When Kristine Flaherty (better known as K.Flay) jumped into producing music, she did so to prove a point that radio hits could be duplicated with ease. Enjoying herself through the process, the part-time emcee / part-time pop vocalist continued to create and hone her artistic chops — and now boasts a stellar following through her social media outlets. She’ll be in Denver performing at Larimer Lounge on Saturday, July 11 and back in the state again on Tuesday, July 28 for a performance at the Aggie Theatre in Ft. Collins with AWOLNATION

How are you enjoying the upswing in all of this madness that is your life now?

Everything’s really good, I think! It’s been cool to watch the record (“Life As A Dog”) breathe and find itself a new fanbase. Coming from a label infrastructure previously, there’s so much focus on singles and having these overarching game plans, and it doesn’t always do well for a record to just kind of exist that way. This one is more natural. But we’ve been touring non-stop in support of it. This summer’s run should be a great mix.

You mention the infrastructure of releasing music: How would you like to do it with your career now?

Having been on a major label, I can definitely say that’s a situation that’s a really positive one (for artists), and exactly what they need. For me, my music is a little bit in between a lot of genres, and it’s harder to fit into the machinery of the label. Another reason too, is that for me, my autonomy and I have a very DIY and intimate approach. It’s how I’ve always liked to do things, even prior to the label. In regard to how to release, there’s been a mix of formats.

Releasing singles is obviously a bit more for electronic music or dance music, but releasing content in smaller chunks creates another type of narrative.
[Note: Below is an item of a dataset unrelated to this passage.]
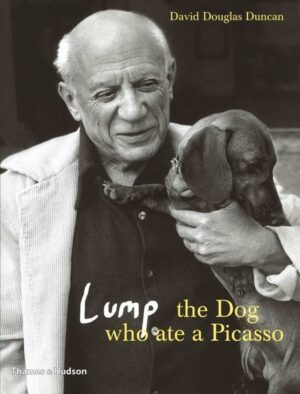 Lump: The Dog who ate a Picasso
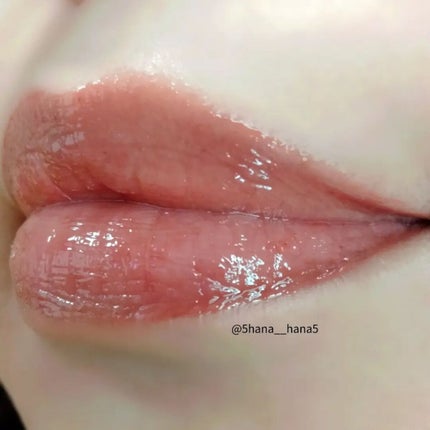 ニュアンスラップティント/Fujiko/リップティントを使ったクチコミ(4枚目)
Albums are one narrative. For me right now, I’m on this album/EP side of life.

There definitely has to be forethoughts now about how to release and on what platform …

I think it’s more the vision for the release than the actual release itself, because people are obviously consuming music in such varied and bizarre ways. It’s interesting, but there’s something to be said for the one-off single and the attention drawn to this one piece of content. It’s very focused and easy to connect to in that way.
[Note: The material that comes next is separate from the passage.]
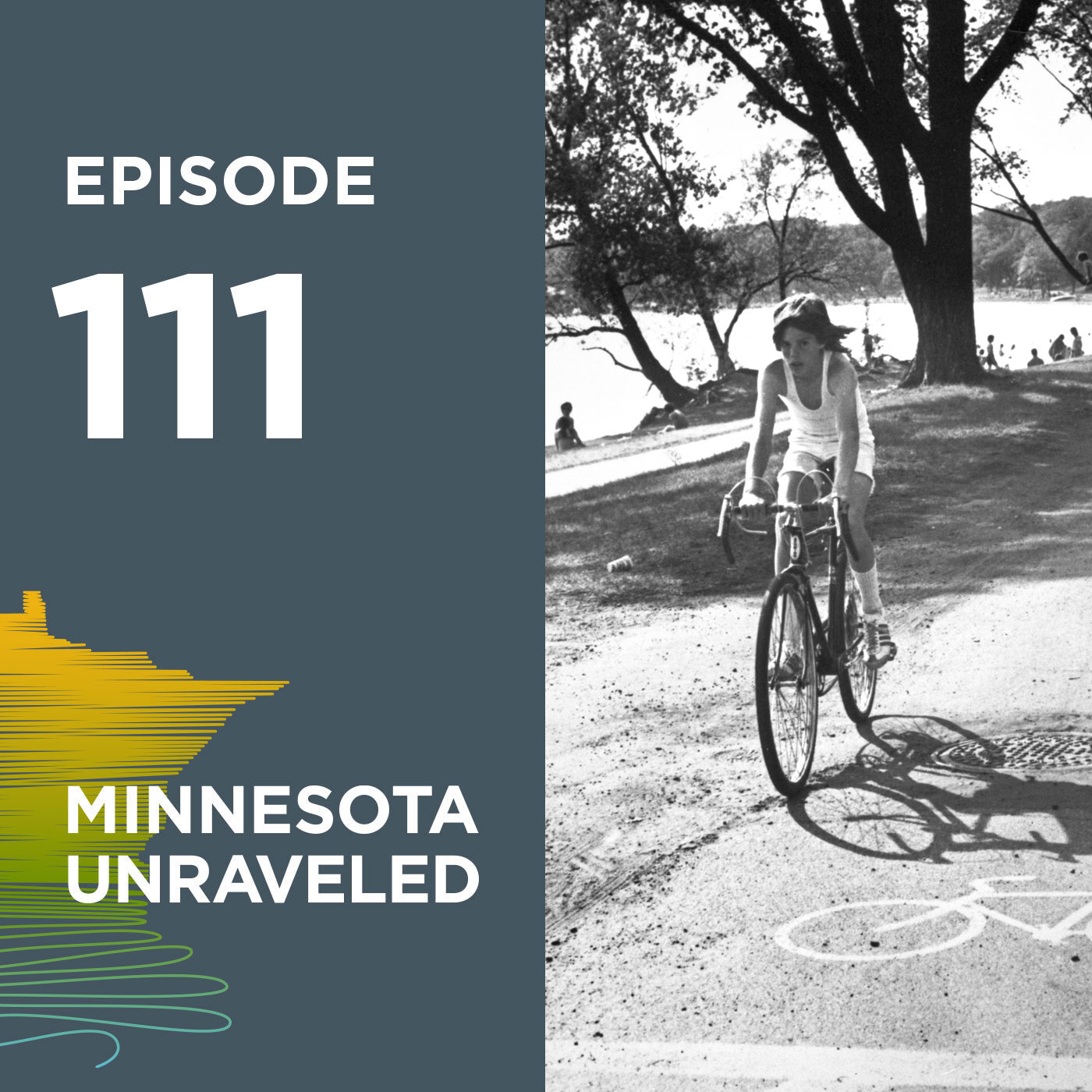 History on Two Wheels: Bicycles and Bike Paths in Minnesota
Is music now something you do full time? Have you taken that dramatic jump of living the life of a struggling artist?

(laughs) Well, I’m definitely living the life of a struggling artist. If you do art, any form of art, that’s not like, hyper-hyper-commercial, you’re at least internally struggling. But no, I do music full time, which is awesome. Not a lavish life, but a good life!

FASCINATING FACT: K.Flay loves painting her nails — “It’s very relaxing, I’d be curious to know if anybody reading this finds it to be as relaxing as I do. I find it the equivalent of having two glasses of wine, in terms of inner quiet-tude.”
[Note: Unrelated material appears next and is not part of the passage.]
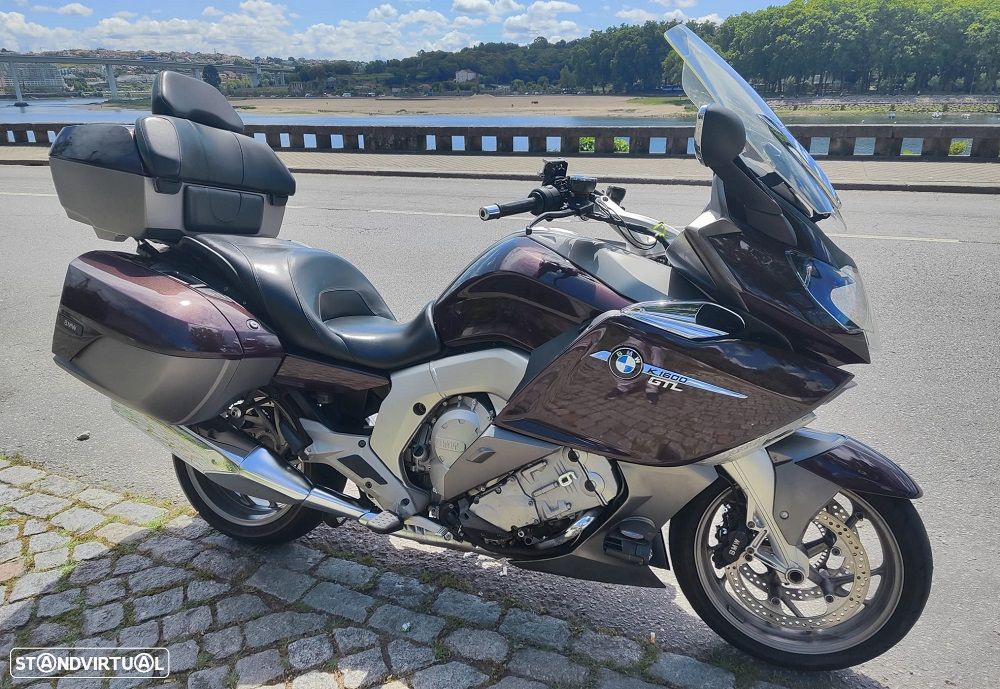 BMW K 1600 GTL exclusive - 2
Do you have people close to you nay-saying it because of how hard the industry can be?

I feel very lucky to say it, but no. Not really. My family has been super supportive, and my friends as well. I think everybody knows if I needed to quit I would — I think that’s the assumption that everyone is assuming I can handle myself properly, which perhaps may be an incorrect assumption …

So what’s the ultimate vision behind what you want to do with music?

For me, where I started, it was about being honest about myself and putting my experiences in my music. I started to see that not only was I enjoying the process, but so were other people? It feels very natural. Obviously there’s a lighthearted side to my personality. There’s a stage right now for me in this alt-indie-pop-whatever world that it is that feels very good and comfortable.

Have you had those experiences from fans where they hit you hard with how you’ve changed their lives?

It’s — I wouldn’t say common — but I encounter a fair amount at shows … or even just Facebook messages, or whatever. And I think, for me, I know the effects of different artists and musicians in my life. I feel very honored anyone would listen in the first place, and second I can provide any sort of emotional support. It’s amazing hearing other people’s stories from all over the world.